• EXERCISE BRIEF: Tally the lines of these entries that include "Plano"; respond with only that tally.

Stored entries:
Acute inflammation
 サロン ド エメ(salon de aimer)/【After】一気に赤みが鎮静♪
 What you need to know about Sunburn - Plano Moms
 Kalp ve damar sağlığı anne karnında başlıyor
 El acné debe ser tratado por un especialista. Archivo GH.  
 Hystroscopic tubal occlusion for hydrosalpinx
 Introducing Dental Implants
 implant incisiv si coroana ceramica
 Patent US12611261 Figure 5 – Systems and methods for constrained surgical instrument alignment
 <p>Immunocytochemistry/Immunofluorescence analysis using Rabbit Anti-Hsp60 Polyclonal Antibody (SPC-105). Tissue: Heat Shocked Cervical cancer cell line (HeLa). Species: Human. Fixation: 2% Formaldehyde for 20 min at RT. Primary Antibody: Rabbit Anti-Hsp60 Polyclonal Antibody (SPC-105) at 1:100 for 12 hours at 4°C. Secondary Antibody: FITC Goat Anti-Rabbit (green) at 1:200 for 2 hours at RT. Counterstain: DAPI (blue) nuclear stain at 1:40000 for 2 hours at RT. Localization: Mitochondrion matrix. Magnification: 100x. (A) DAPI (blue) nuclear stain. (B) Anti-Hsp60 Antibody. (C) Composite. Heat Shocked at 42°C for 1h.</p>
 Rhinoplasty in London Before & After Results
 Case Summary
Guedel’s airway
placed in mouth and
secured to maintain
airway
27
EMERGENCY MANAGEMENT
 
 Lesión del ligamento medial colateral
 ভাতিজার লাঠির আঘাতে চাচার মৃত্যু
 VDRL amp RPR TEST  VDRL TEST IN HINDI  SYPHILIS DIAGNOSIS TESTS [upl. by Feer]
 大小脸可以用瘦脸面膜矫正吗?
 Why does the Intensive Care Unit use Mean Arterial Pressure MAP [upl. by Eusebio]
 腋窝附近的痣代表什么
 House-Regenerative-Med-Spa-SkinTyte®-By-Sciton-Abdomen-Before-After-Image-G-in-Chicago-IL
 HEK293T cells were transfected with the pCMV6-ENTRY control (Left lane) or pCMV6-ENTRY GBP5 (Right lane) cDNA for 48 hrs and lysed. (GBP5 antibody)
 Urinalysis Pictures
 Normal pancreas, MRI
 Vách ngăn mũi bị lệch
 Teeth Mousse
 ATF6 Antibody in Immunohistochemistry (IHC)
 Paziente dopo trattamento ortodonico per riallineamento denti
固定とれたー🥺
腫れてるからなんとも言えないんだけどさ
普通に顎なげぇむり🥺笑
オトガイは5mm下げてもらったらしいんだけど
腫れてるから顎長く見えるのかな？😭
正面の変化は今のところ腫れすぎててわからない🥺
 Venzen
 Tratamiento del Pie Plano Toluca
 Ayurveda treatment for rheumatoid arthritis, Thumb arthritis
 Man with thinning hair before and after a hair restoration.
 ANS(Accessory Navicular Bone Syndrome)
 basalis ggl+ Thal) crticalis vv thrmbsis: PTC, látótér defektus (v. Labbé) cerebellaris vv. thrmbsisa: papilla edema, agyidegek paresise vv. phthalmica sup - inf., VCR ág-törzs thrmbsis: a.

• THE ANSWER: 2